* Supplied data:
***
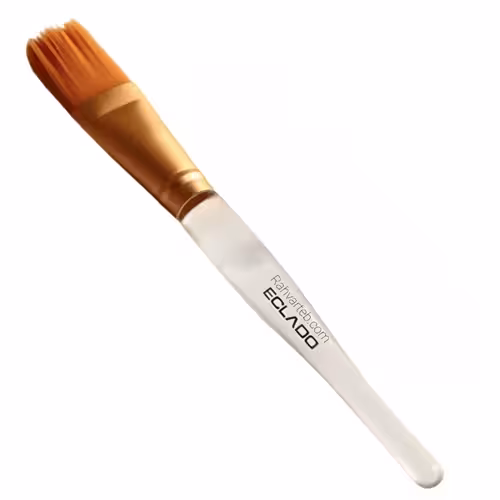 براش مویی اکلادو | Eclado brush
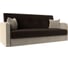 Диван книжка надежда Лига диванов 111086 1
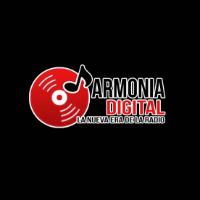 ARMONIA DIGITAL LA NUEVA ERA DE LA RADIO
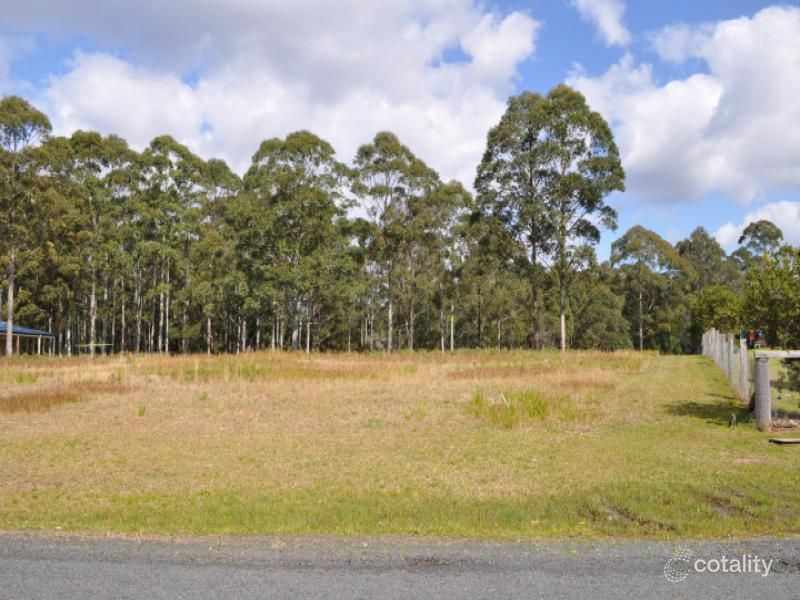 379 Highlands Dr, Failford, NSW 2430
***
* What needs to be done: Word for word, restate the lines from the one containing "Диван книжка надежда Лига диванов 111086 1" through the end of the listing, and nothing more. Skip the pictures.

* Response box:
 Диван книжка надежда Лига диванов 111086 1
 ARMONIA DIGITAL LA NUEVA ERA DE LA RADIO
 379 Highlands Dr, Failford, NSW 2430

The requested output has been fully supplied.